Um die Freunde besser zu vernetzen, ging Sprang 2003 mit der Internetseite www.todesanzeigensammlung.de online. „Diese Seite war eigentlich nicht für die Öffentlichkeit gedacht“, sagt er. Doch schon zwei Tage, nachdem die Seite ans Netz gegangen war, kam die erste Mail von einem Fremden – im Anhang eine skurile Todesanzeige. Die Besucherzahlen stiegen beständig. „Mittlerweile gibt es etwa 2500 Links, die auf die Seite verweisen – ohne, dass ich je darum gebeten hätte.“

Eine klassische Klolektüre

Dass die Sammlung mal zwei Bücher füllen würde, damit hatte Sprang nie gerechnet. „Aus die Maus“ hieß der erste Band, der 2009 auf den Markt kam. Bereits ein Jahr später erschien „Wir sind unfassbar“. „2013 kommt der dritte und letzte Band“, kündigt der Jurist an. Auch das wird „im positiven Sinn eine klassische Klolektüre“ sein, sagt der Autor.

Doch ohne die Hilfe von tausenden Unterstützern hätten die Bücher nie entstehen können. Aus ganz Deutschland und sogar aus Österreich und der Schweiz werden ihm zum Teil ganze Sammlungen von besonderen Anzeigen geschickt.

Die Reaktionen auf die beiden bisher erschienenen Bücher waren durchweg positiv – bis auf einen Fall. Damals gab es Kritik von Angehörigen, dass die Todesanzeige in einem Buch abgedruckt wurde. „Die haben wir dann rausgenommen.“ Die allermeisten Angehörigen, die sich in den Büchern wiederfinden, fühlen sich geschmeichelt, sagt Sprang. Trotzdem machen er und Nöllke in den meisten Fällen die Nachnamen unkenntlich – es sei denn, der Name gehört zur Pointe.

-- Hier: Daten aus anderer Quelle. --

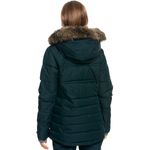 Campera-Roxy-Quinn-10K-Ski-Snowboard-Mujer-True-Black-3242135009-7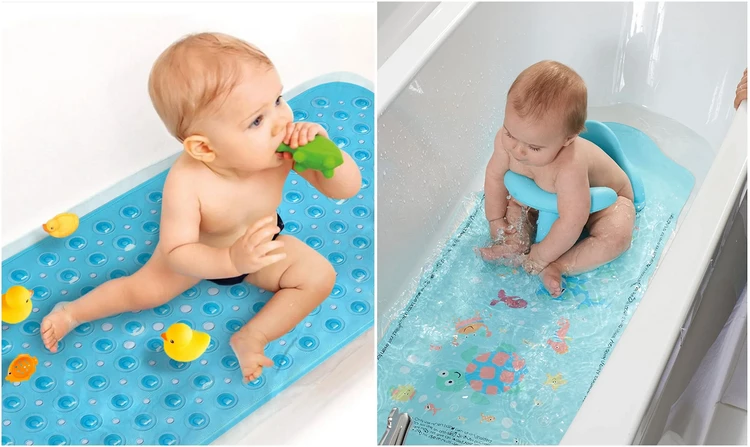 bathtub mat for babies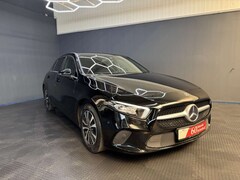 Bild des Angebotes Mercedes-Benz A 180 Style*1.Hand*LED*AppleCarplay*3J.Garantie*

Dabei ist es nicht Sinn, sich über jemanden lustig zu machen, betont der Jurist. „Es ist einfach toll, wenn mit wenigen Worten ein ganzes Leben präsentiert wird.“ Das finden scheinbar auch Hospizgruppen, Pfarrer und Bestatter – sie gehören zu den Hauptabnehmern der Bücher.